Teddy Riner and Marie-Jose Perec joined the exclusive list of people to light an Olympic cauldron when they set alight the Mathieu Lehanneur-designed boiler in Paris on Friday.
It looked as if Zinedine Zidane would light it, but he handed it off to Rafael Nadal. The Spanish tennis legend took the flame from French football hero Zidane in a unifying twist to the flame's path to Paris.
The man they call Zizou was a tremendous football player for Spanish club Real Madrid and Nadal is one of the most dominant French Open competitors of all-time.
It would've been a pretty selfless gesture from France as the hosts to defer honor to their southwestern neighbor, and it was, but Nadal would give the torch to American tennis star Serena Williams, then Romanian gymnast Nadia Comaneci, and then American sprinter Carl Lewis.
Twenty-four athletes would wind up with a temporary hold on the torch, with the final job going to Riner and Perec.
So who are they?
Who are Teddy Riner and Marie-Jo Perec?
Guadeloupe-born Teddy Riner, 35, has won gold in judo at three-consecutive Olympic Games.

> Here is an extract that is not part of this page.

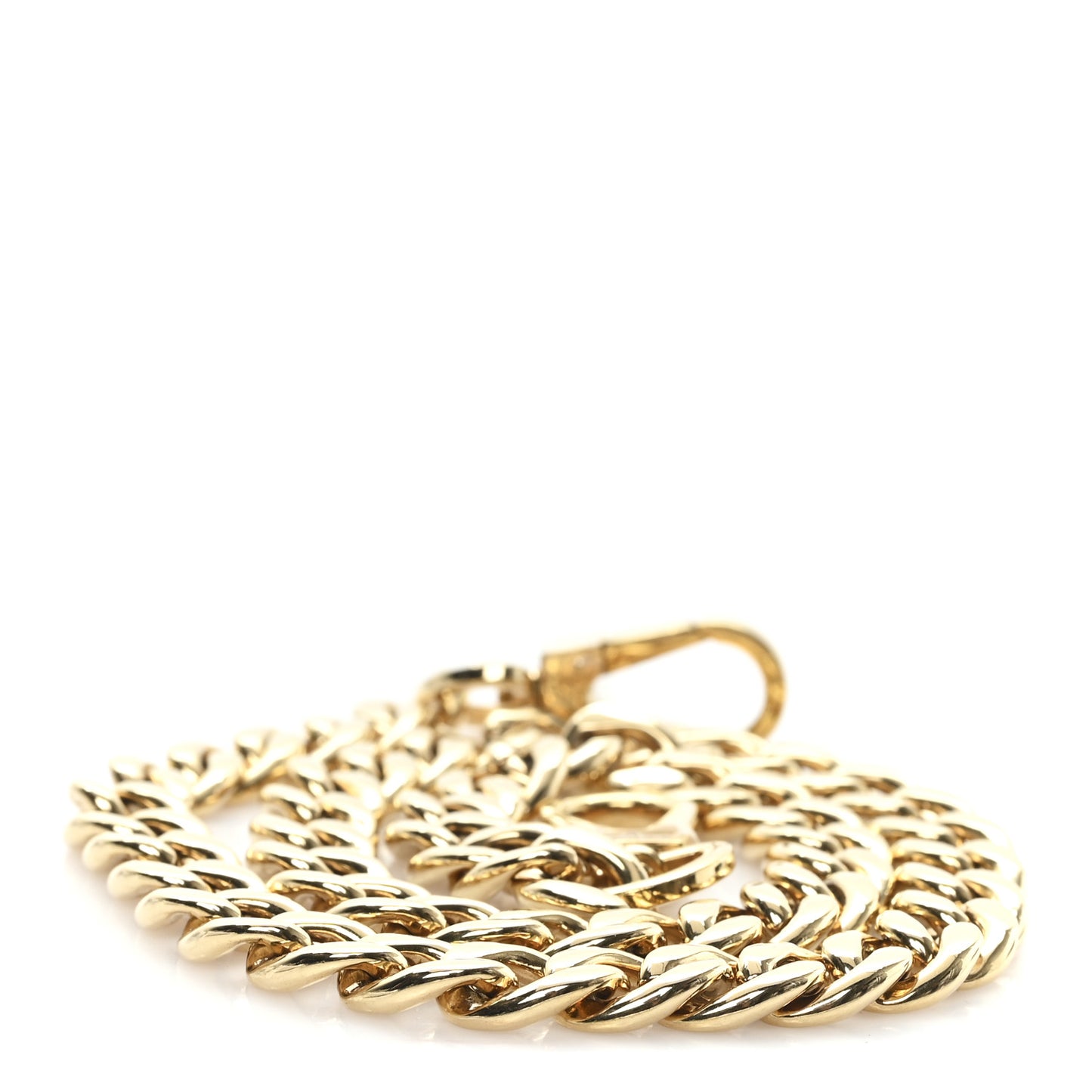 Metal Lockme Tender Chain Strap Gold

He also has a pair of bronze medals and dozens of medals won outside of the Olympics.
Marie-Jose Perec, 56, was also born in Guadeloupe and also has three gold medals to her name, winning one at the 1992 Barcelona Olympics and two at the 1996 Atlanta Olympics.
The 2024 Paris Olympics cauldron
The Olympic cauldron for these Games is "a tribute to the first flight in a hydrogen-filled gas balloon," which was invented in-part by French physicist Jacques Charles.
The ring of flames is seven meters in diameter and the 'balloon' is 30 meters high and 22 meters wide.
Designer Mathieu Lehanneur's creation is said to "conclude" the allegory of the French motto of equality and fraternity.
History of the Olympic cauldron
The idea for the Olympic flame has its roots in ancient Greece, where a sacred fire was kept burning throughout the Ancient Olympics in deference to "the gods."
A symbolic fire was introduced in 1928 to showcase the tournament's location to the surrounding community.
The Olympic flame relay has its genesis in the 1936 Olympics in Berlin, when secretary general Carl Diem suggested a flame lit in Greece make its way to Germany.